Interview de Mojica pour un périodique barcelonais
© Jean Michel Pennetier

Sa mère est toujours plus souffrante : mais ce sont surtout les parties données dans la maison et la frivolité de la faune hollywoodienne qui la mine. La Grande Dépression qui suit le krach du 24 octobre 1929 appauvrit Mojica comme tout le monde, mais il n’est heureusement pas endetté. Entre deux tournages, il imagine des plans grandioses : produire lui-même ses films et en utiliser les bénéfices à des fins religieuse au Mexique. En effet, à l’identique de la France en 1902, le gouvernement mexicain a pris des lois d’exception contre le clergé : sécularisation de l’enseignement, interdiction les ordres monastiques, de l’exercice du culte en dehors des églises, de la liberté d’expression dans la presse, interdiction du port d’habits religieux, perte du droit de vote des membres du clergé, restriction du droit à la propriété des organisations religieuses… Ces décisions ont entrainé une nouvelle guerre civile, la Guerre des Cristeros, qui s’achève. Mojica fait une tournée au Mexique, où il est plus ou moins bien accueilli suivant les villes, et en offre les bénéfices à diverses causes, comme des hôpitaux. « Il me manquait toutefois un ingrédient : l’humilité ». Mojica mène en effet grand train et, à Cuba, il ne reste plus grand-chose pour aider les bonnes oeuvres et il reprend le chemin des studios. Après avoir tourné El rey de los gitanos et Melodía prohibida, il se voit proposé le rôle d’un moine franciscain dans La cruz y la espadaLe succès est au rendez-vous, et il est même colossal au Mexique. Mojica est un peu troublé par la coïncidence, mais il est encore loin d’avoir franchi le pas.

 


© Jean Michel Pennetier

Mojica part en tournée en Europe : Paris, Stockholm, Berlin (où il découvre les persécutions contre les Juifs et où la critique allemande est désastreuse alors que le public est plutôt chaleureux), Budapest. Il chante à Istanbul, découvre la Grèce, l’Égypte, la Terre Sainte… Dans le bateau entre Jaffa et Venise, une jeune française lui lit la vie de Sainte Thérèse : décidément.. A son retour en Californie, un supérieur franciscain lui propose de chanter à l’occasion de la messe du 150e anniversaire de Junípero Serra, missionnaire sanctifié, mort en Californie à Monterey. José accepte et, afin de participer pleinement à la cérémonie, décide de recevoir la communion et donc de se confesser préalablement. C’est la première fois depuis 28 ans . Les formalités ne prennent heureusement qu’une dizaine de minutes… Le 28 août 1934, après discussion avec un moine, il s’engage dans le Tiers-Ordre franciscain, une association laïque fondée par Saint-François et destinée à l’origine aux personnes mariées voulant vivre comme les moines. La règle y est toutefois beaucoup moins sévère. Mojica continue ainsi ses concerts en Amériques du Sud et Centrale et suscite quelques conversions sur son passage. Il se lance dans la production cinématographique (édifiante, faut-il le préciser). La Canción del milagro (1940) est ainsi un succès. 

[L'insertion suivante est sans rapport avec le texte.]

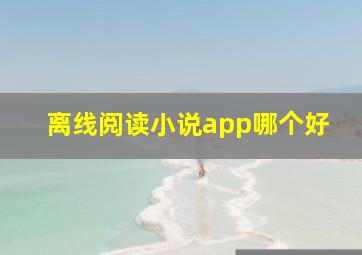 离线阅读小说app哪个好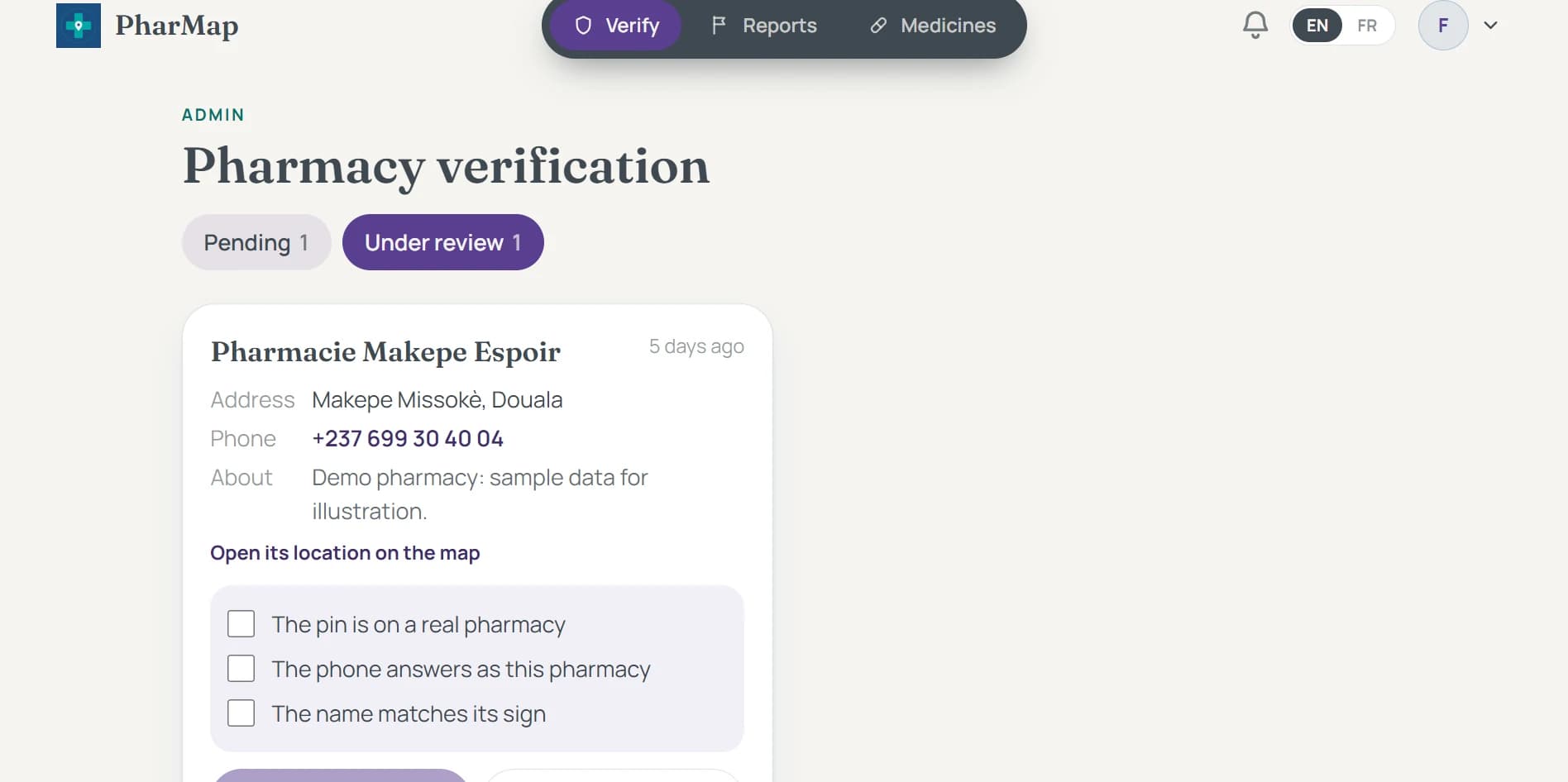 PharMap, before and after, Admin: pharmacy verification: After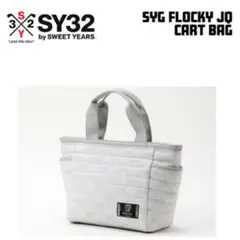 未使用　SY32ゴルフ　男女兼用　カートバッグトートバッグ　グレーのサムネイル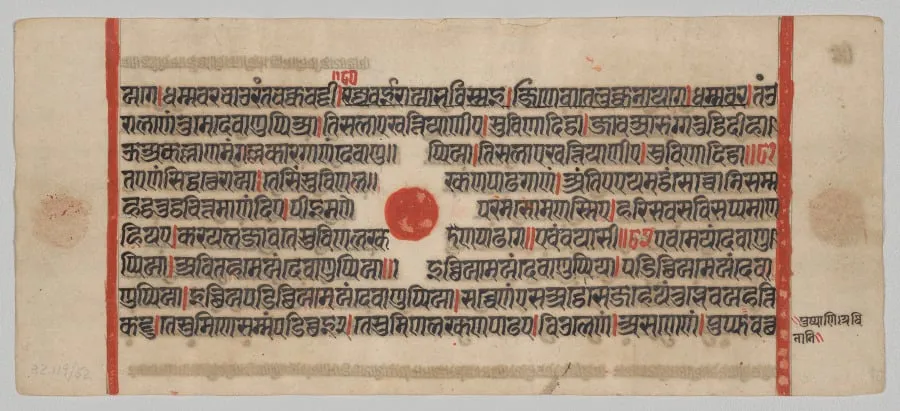 Text, Folio 27 (recto), from a Kalpa-sutra, by Unknown, unspecified, 1488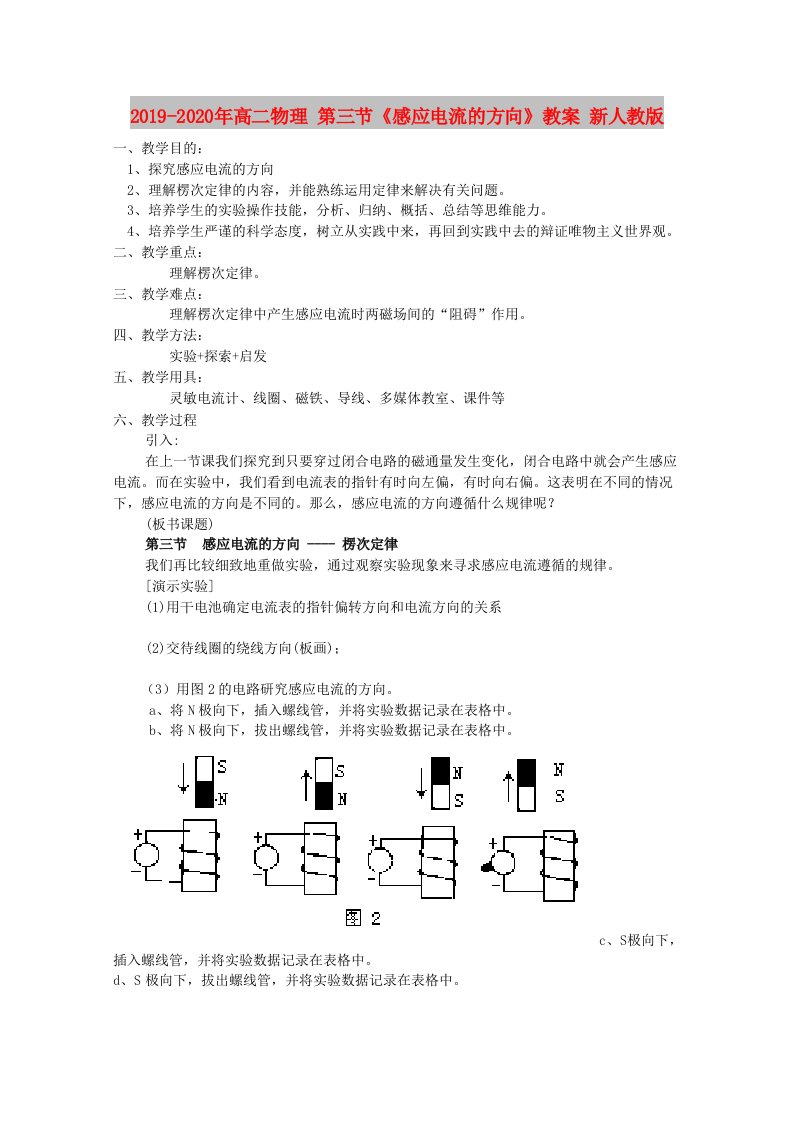 2019-2020年高二物理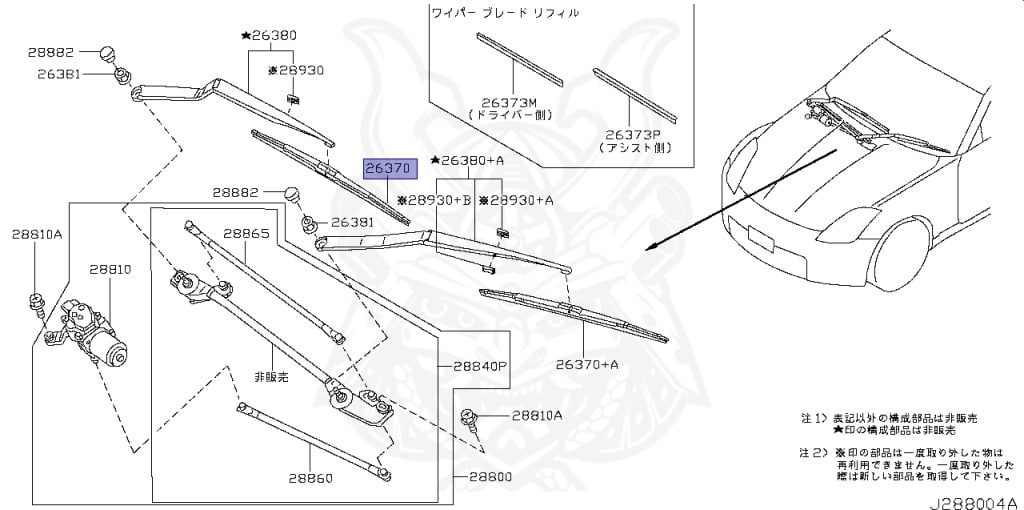 Nissan - Fairlady Z - 350Z - Z33 - 2005 - BASE GRADE - COUPE(C) - MANUAL TRANSMISSION(MT) - VQ35DE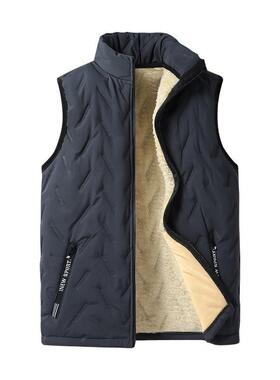 Z 12681 Ultrasonic Winter Men's Fleece Vest Set 保暖羊羔绒马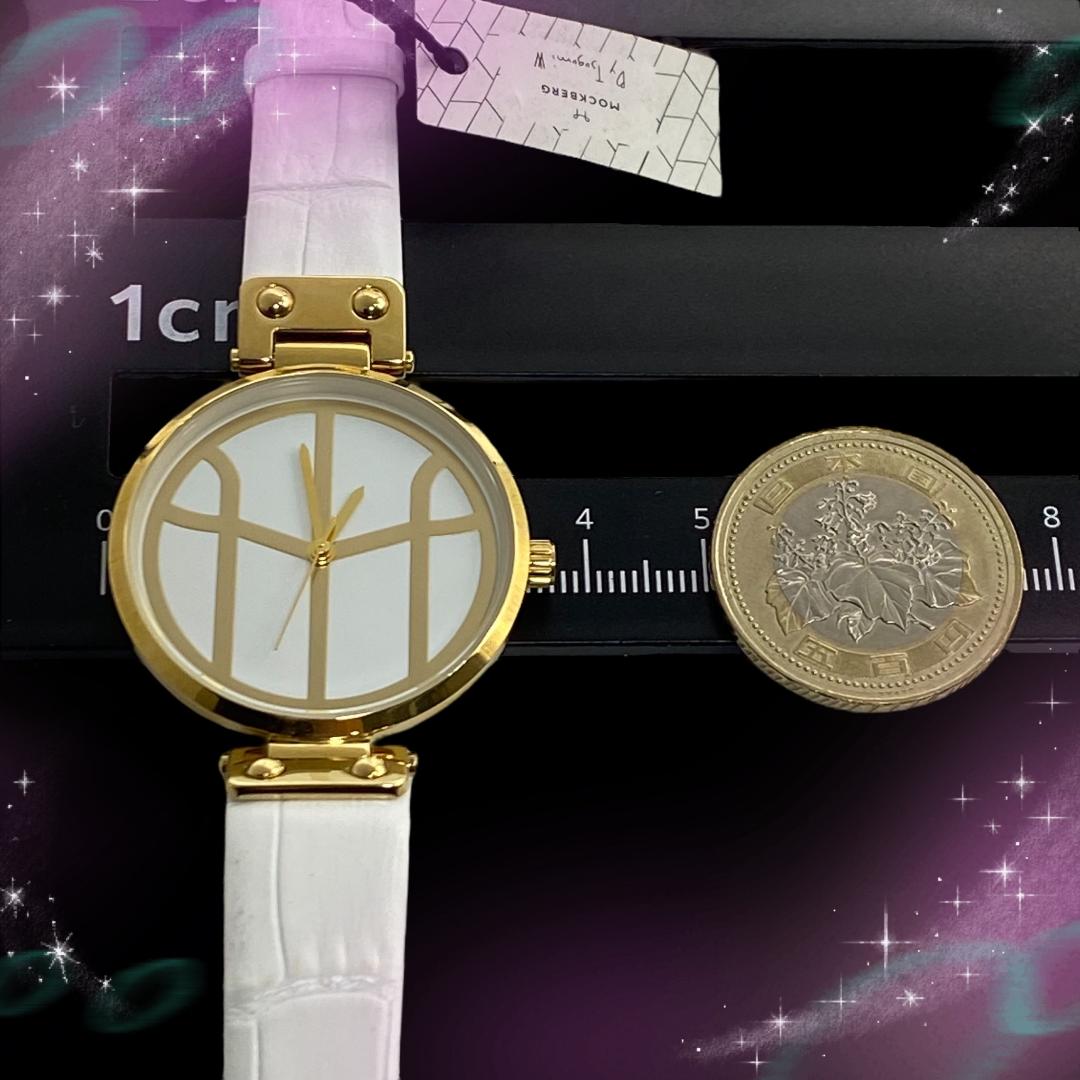 Mockberg Analog Quartz Women X Tsugumi Watarai Collaboration Watch White Strap Excellent Condition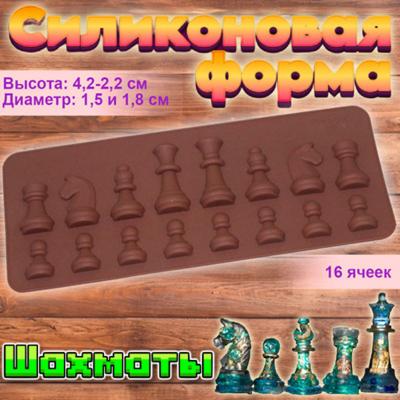 Форма силиконовая для шоколада Шахматы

La grand-mère est venue habiter chez sa fille, mais les relations entre les deux femmes sont exécrables, et elle fint par repartir. Doña Virginia se décide à donner enfin la clé du mystère des origines du jeune homme et de l’attitude de sa grand-mère. Celle-ci était jalouse de l’affection particulière qui liait sa fille à son père. La suite va lui donner un excellent prétexte pour acabler sa fille. Le grand-père est malade. Son docteur est séduisant. Il joue de la guitare et chante avec une voix semblable à celle qu’aura José. Le docteur et  Virginia se promettent le mariage. Finalement, on ne prend plus trop de précautions, et il arrive ce qui arrive dans ces cas-là. Et soudain le bon docteur disparait. Il reviendra trois mois plus tard avec une femme et déjà deux enfants… Quand Virginia se confie à sa mère, celle-ci la bat et essaie de la forcer à se débarrasser de l’enfant qu’elle porte, mais Virginia tient bon. Alors que José n’a qu’un mois, le grand-père meurt. Plusieurs années plus tard, le père naturel décède également, dans un accident de calèche, emporté par des chevaux devenus fous. Quant au beau-père Francisco, José apprend qu’il abusera de Virginia pour pouvoir l’épouser, ce qui donne une toute autre dimension au pardon ultérieur de celle-ci.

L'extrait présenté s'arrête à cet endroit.